2. Streamlined installment agreement.

If you owe the IRS $25,000 or less, you qualify for a repayment agreement with no financial disclosures. This speeds the levy release process and eliminates a drawn out negotiation process. When you enter into the installment agreement, the IRS will immediately release it’s levy against you. Sometimes, my clients pay down the amount they owe to $25,000 to qualify to get the quick levy release and avoid financial disclosures. The agreement requires repayment of your taxes within 60 months.

Another benefit to a streamlined installment agreement is that your monthly payment could be less than if you gave the IRS your income and living expenses and made a financial disclosure. This is because the most you will be committed to paying the IRS is approximately $425/month ($25,000/60 months). With no financial disclosures, the IRS makes a “streamlined” calculation of what you can pay. There is no application of the burdensome IRS collection allowances, and you can pay more than the minimum voluntarily to pay the IRS off sooner.

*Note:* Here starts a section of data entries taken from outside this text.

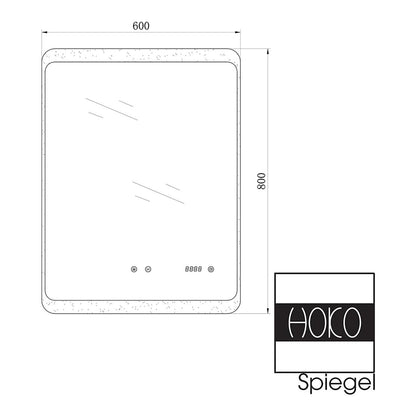 Spiegel Rechthoek 50 x 70 cm - Anti-Condens, Inbouw Led & Digitale Klok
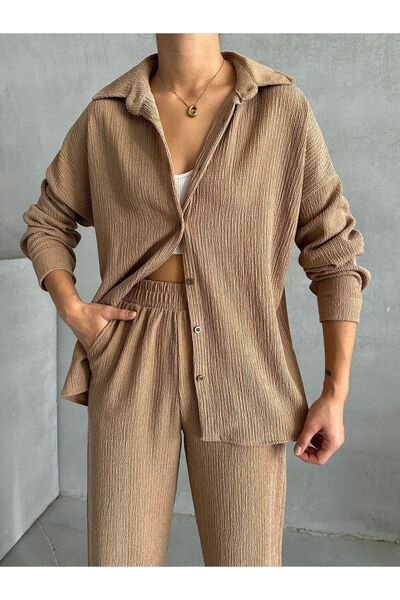 BEJNA Rustikales strukturiertes Hemdset für Damen - Kamel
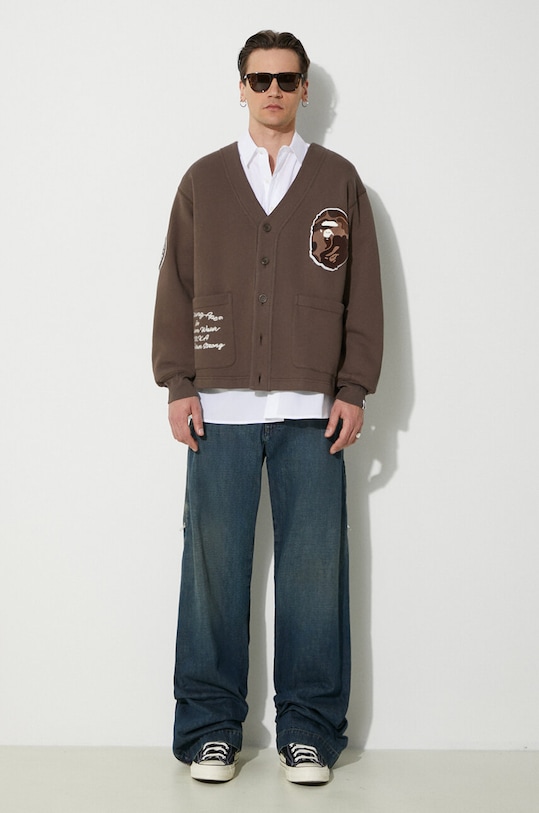 A Bathing Ape bluza College Badges Sweat Cardigan 1J80113063 brązowy SS24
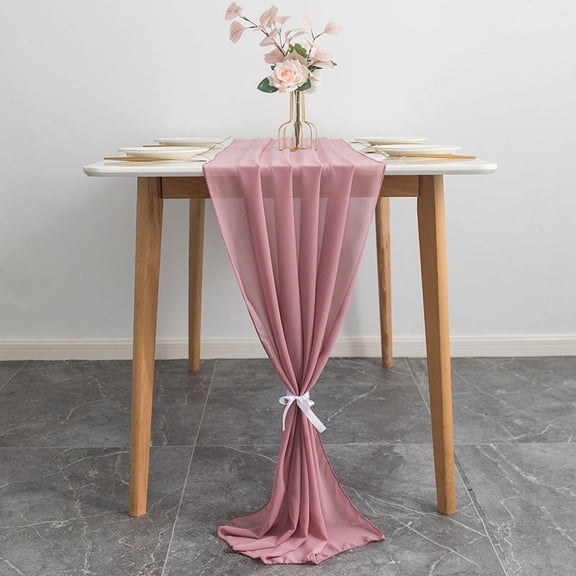 XmhyTop 1 pcs 28.3*120 Inch Table Runner Romantic Chiffon Table Runner for Wedding Birthday Party Table DecorationsDark Pink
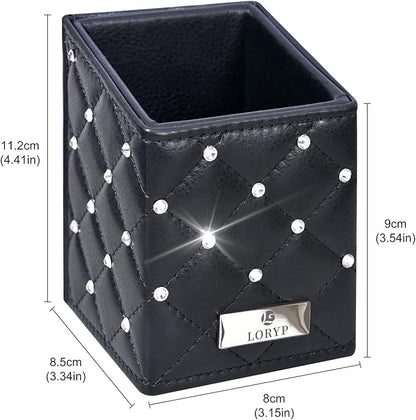 LORYP Makeup Brush Holder Crystal Brushes Cup Black PU Make up Brush Case Bag Storage for Women (Black-Large)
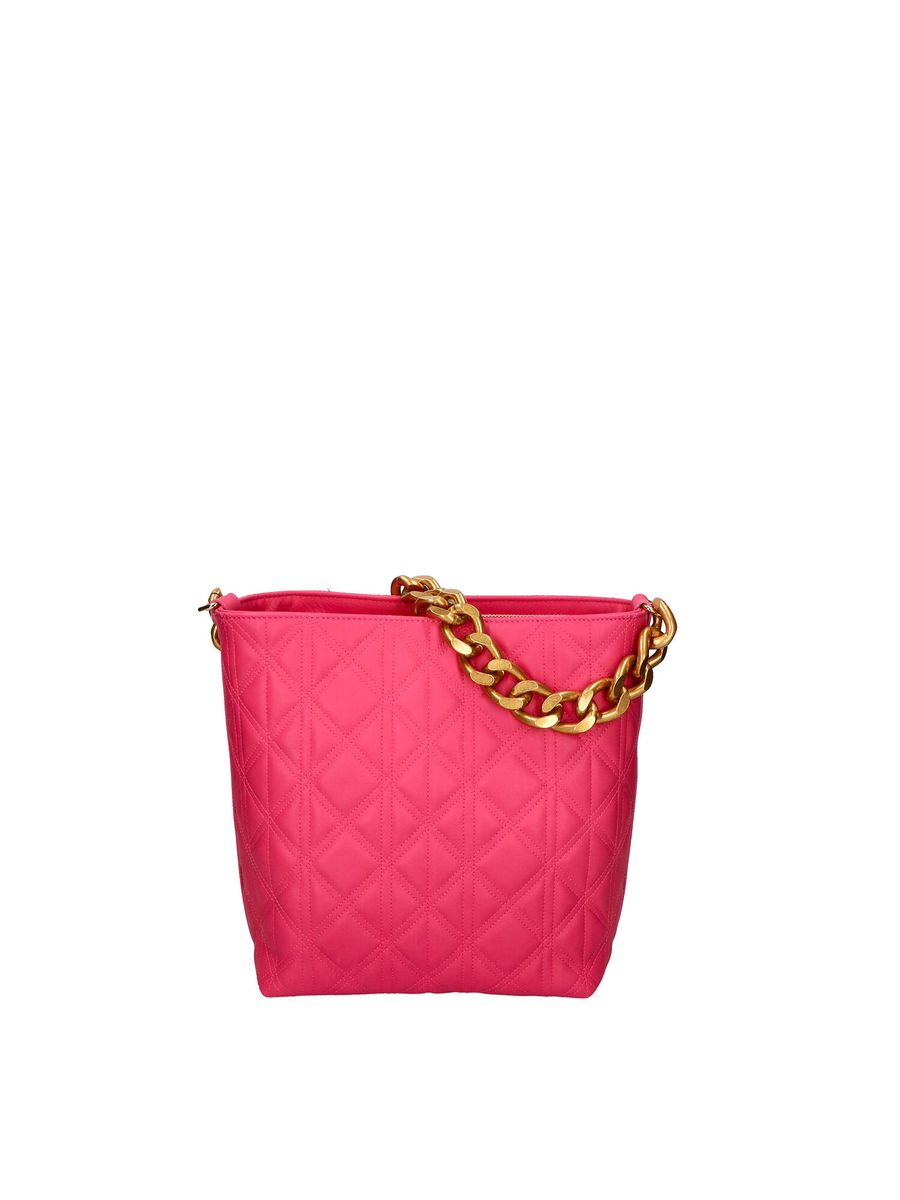 Gesteppte Leder-Beuteltasche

Although it is not as absolute as bankruptcy and a streamlined installment, the filing of an offer in compromise or innocent spouse claim can result in a levy release without more. The IRS is required by law to suspend collection when either a compromise or an innocent spouse claim is filed. Technically, this means the IRS is prevented from sending out future levies, not releasing one already sent, but an IRS employee often exercises good discretion to release an existing levy automatically once an OIC or innocent spouse claim is filed.

Getting an IRS levy released is serious business, and knowing the rules and understanding how to navigate through them is key to quick results.